His forearm muscles strained as he worked his dick over faster and faster under the blast of the water. He could lube himself up with soap, but he didn’t deserve it. He wanted to know that he was sinning as he worked himself over for the first time in a long time to the thought of fucking Sasha from behind, admiring her plump ass as it bounced against his hips—fuck.

That was the last image in his mind before he came against the wall in the shower attached to the room where he slept alone because he was a priest and he’d made vows. Two things tempered the cataclysmic orgasm that made his knees unstable and his pounding heart practically echo off the walls: Sasha wasn’t here having a screaming climax along with him, and she never would be.

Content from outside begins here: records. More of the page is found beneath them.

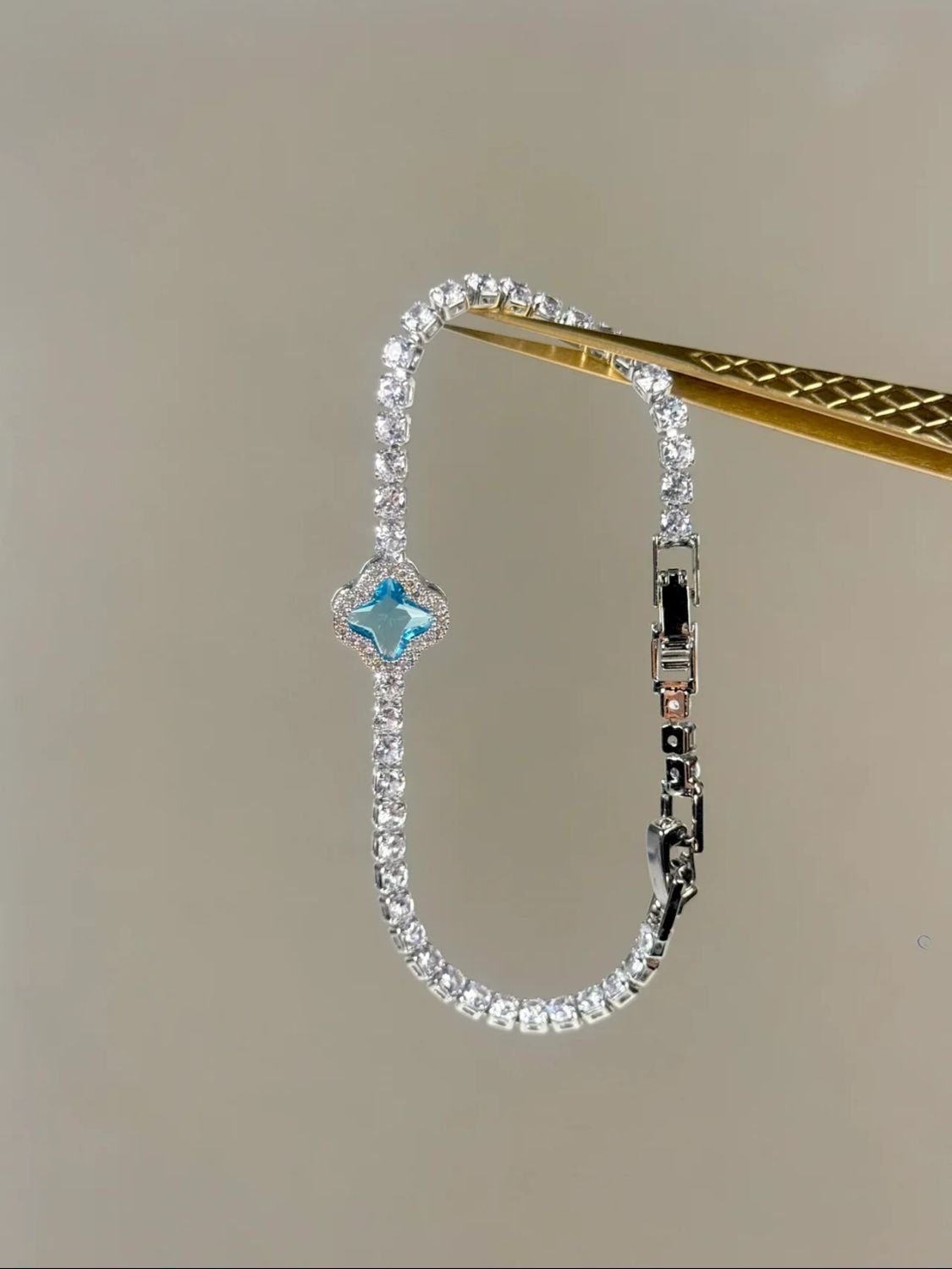 Aquamarine Clover Crystal Tennis Bracelet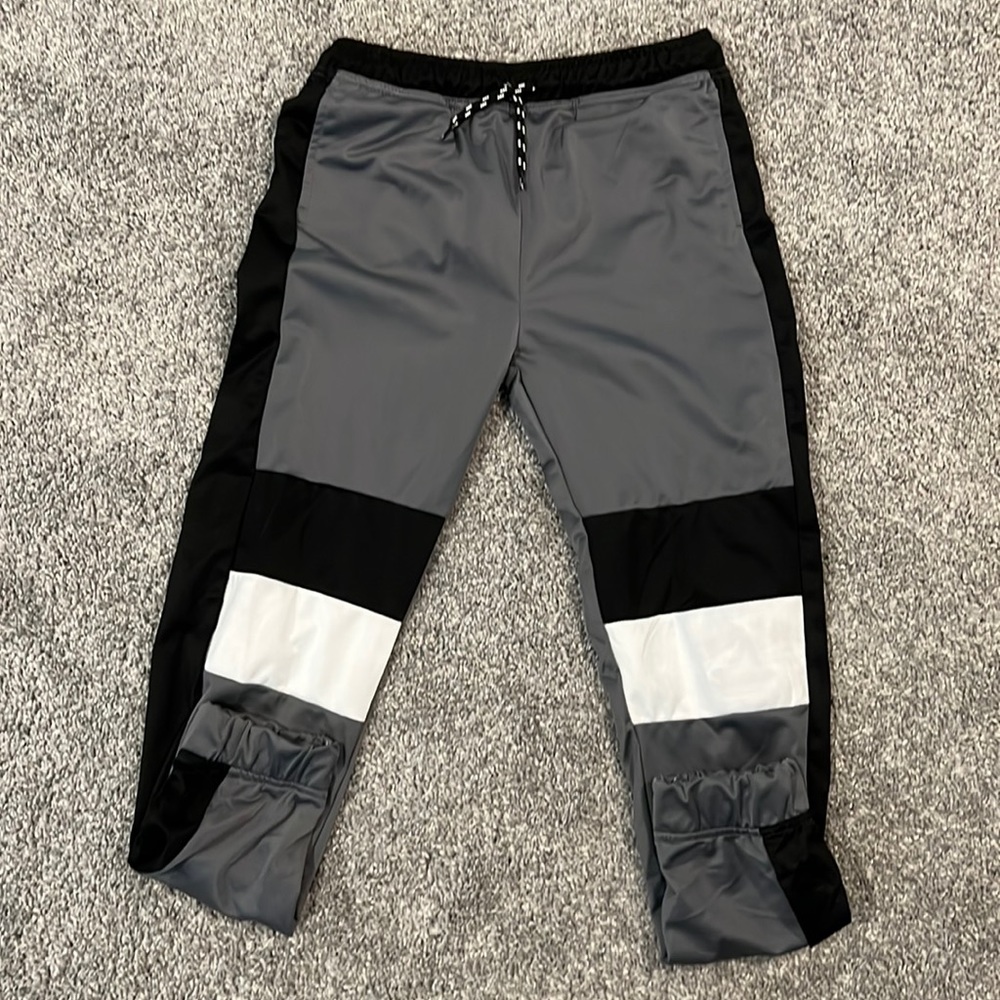 Body glove sweatpants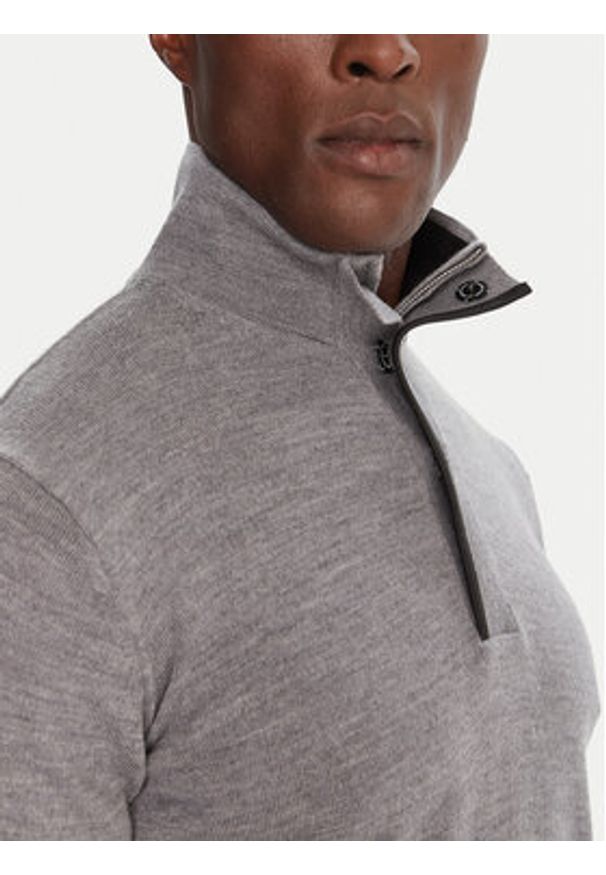 Karl Lagerfeld - KARL LAGERFELD Sweter 655005 554399 Szary Slim Fit. Typ kołnierza: dekolt w karo. Kolor: szary. Materiał: wełna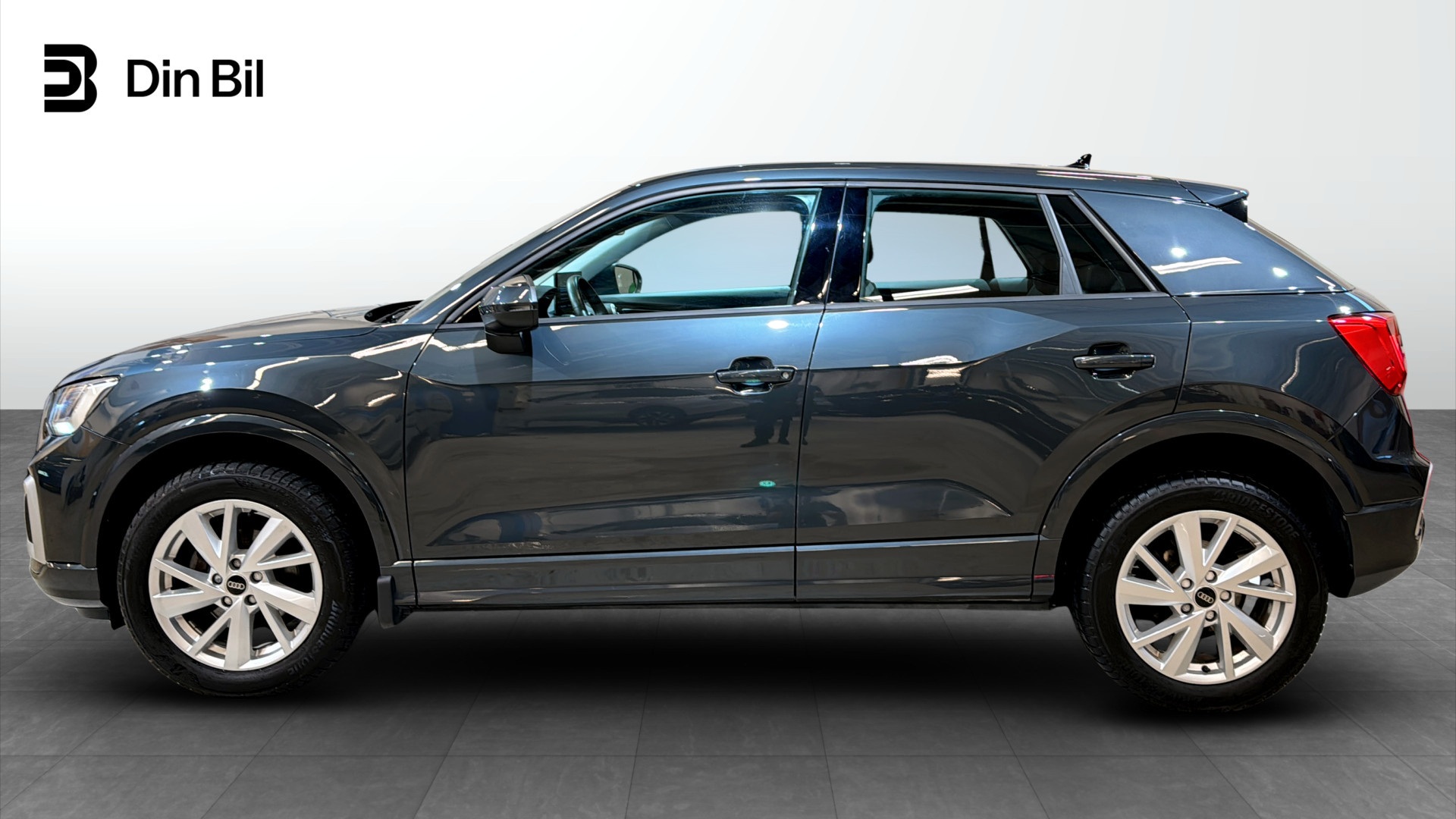 Audi Q2 UWB22P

As the orgasm faded, so did Patrick’s resolve that indulging in thoughts of Sasha was superior to acting out his desires. Thinking about it only made him want her more. He was pretty sure Jesus had to think about turning water into wine or walking on water before he actually did it. Thinking about the impossible things he wanted to do to Sasha could only turn him down the road of making the impossible—having her—possible.

He felt stupid and ashamed. Still, he didn’t ask God to help him figure out what to do. He knew that he should make a confession, do his penance, and never, ever see Sasha again. He also knew that he wasn’t ready to do that. Maybe ever.